Cultura e ricerca a braccetto per lo sviluppo

Il Sole 24 Ore
Armando Massarenti

Gli Stati generali della cultura quest’anno avranno come interlocutore d’eccezione il primo ministro Enrico Letta, così come quelli del 2012 avevano avuto il presidente della Repubblica, Giorgio Napolitano. Se al contrario del Governo precedente, quello di Monti, l’attuale ha mostrato fin dall’inizio una maggiore attenzione per la cultura quale strategia complessiva per rimettere il Paese su un giusto binario – per esempio attraverso un decreto, non privo di difetti, poi trasformato in legge, denominato Valore cultura – è anche perché ha saputo cogliere almeno in parte le indicazioni che vennero dal presidente proprio durante il nostro incontro dell’anno scorso.

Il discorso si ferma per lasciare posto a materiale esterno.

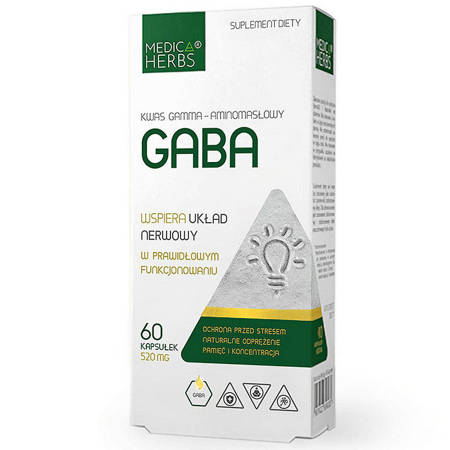 GABA Kwas Gamma-Aminomasłowy 60kaps. MEDICA HERBS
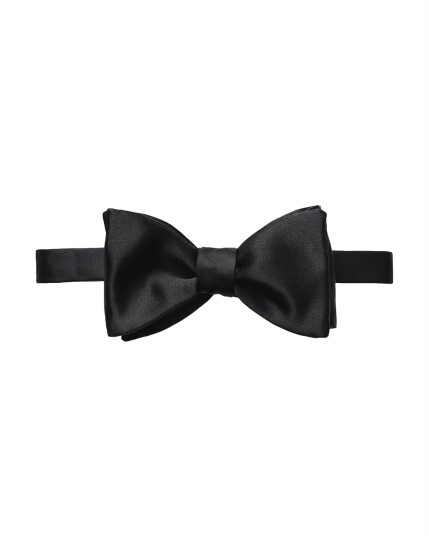 Eton Silk Bow Tie Evening Tilbehør Sort male Eton Silk Bow Tie Evening Tilbehør Sort male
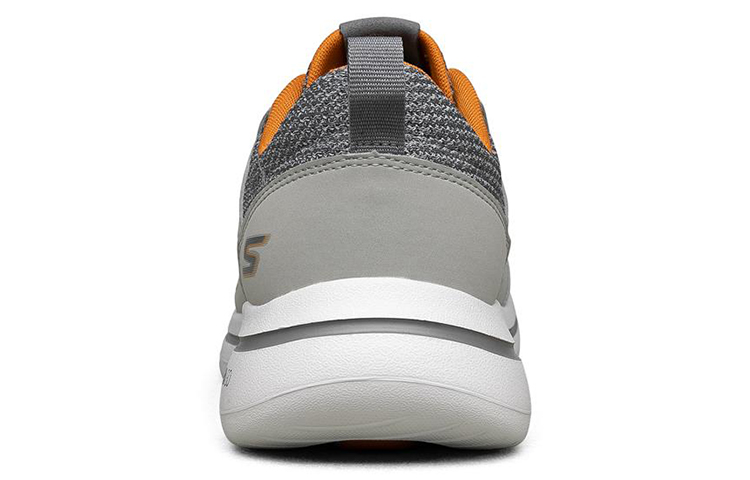 Shop Skechers Go Walk 復古低筒運動鞋 灰橙色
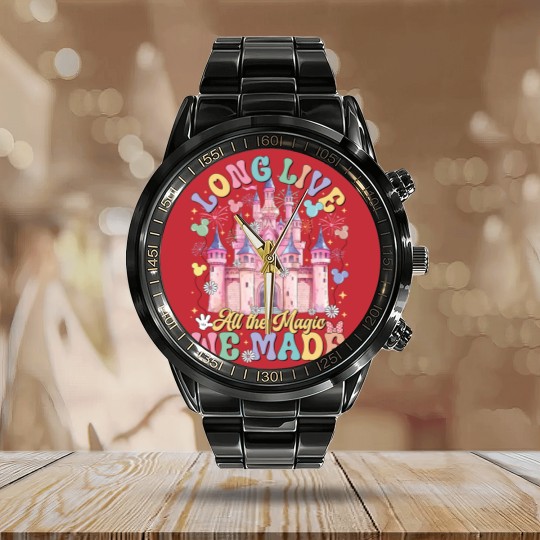 Discover Long Live All The Magic We Made Calendar Steel Band Watch, Vintage Long Live All The Magic We Made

«Difendo l’articolo 9 come uno dei principi fondamentali della Repubblica e della Costituzione, come scelta meditata, lungimirante e di sorprendente attualità, anche per come ha saputo abbracciare in due righe tutti gli aspetti essenziali del tema che ancor oggi dibattiamo», disse allora Napolitano. «La Repubblica promuove lo sviluppo della cultura e la ricerca scientifica e tecnica», recita quell’articolo, dal cui spirito muoveva il Manifesto per la cultura pubblicato sulla Domenica del Sole 24 Ore del 19 febbraio 2012, «e già questo – commentava il presidente – è un accoppiamento che non dovremmo mai trascurare nei nostri discorsi: cultura e ricerca scientifica e tecnica». Nell’incontro di giovedì si dovrà partire proprio da questo accostamento, cioè dalla consapevolezza, da affermare in maniera ancora più netta, che scienza e cultura sono la stessa identica cosa.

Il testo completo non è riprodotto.